Capricorn Coast Landcare Group successfully applied for a Community Sustainability Action Grant from the Queensland State Government to coordinate a series of litter cleanups in Yeppoon's mangrove ecosystems throughout 2017-2018.
The mangroves in Fig Tree and Ross Creeks in the centre of Yeppoon, were struggling with a heavy load of litter and downstream pollution following cyclones, floods, king tides, and general human laziness.
Their normal ecosystem functions were becoming severely impeded: filtering sediments and pollutants, acting as fish hatcheries, essential habitat for diverse species including our iconic flying fox colony, erosion control, buffer system from storm surge/high tides.
Their prop roots were entangled with netting, fishing line, shreds of plastic garden sheeting, and enough plastic packaging and strapping to encircle Australia. High tides had pushed massive amounts of garbage into far corners and with no regular flushing, cans, glass and plastic had piled up. This was suffocating breathing roots and creating a very anaerobic environment.
Discarded oil cans and chemical containers had leached their contents, and over time, people had intentionally dumped shopping trolleys, old computers, bedding, clothing and every kind of household object into the ecosystem.

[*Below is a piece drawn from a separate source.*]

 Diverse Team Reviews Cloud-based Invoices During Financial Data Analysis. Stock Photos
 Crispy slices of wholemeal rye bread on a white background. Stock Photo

We drew up a plan of action to target rubbish in several key areas. Our primary focus was to involve the community to increase awareness about the impacts of pollution, change behaviour particularly about fast food wrapping and plastics, the value of 'rethink, reduce, reuse, recycle', and to enhance community pride in our natural places.
The project has removed well in excess of 1000Kg of rubbish from our mangroves and involved about 100 volunteers over nine months.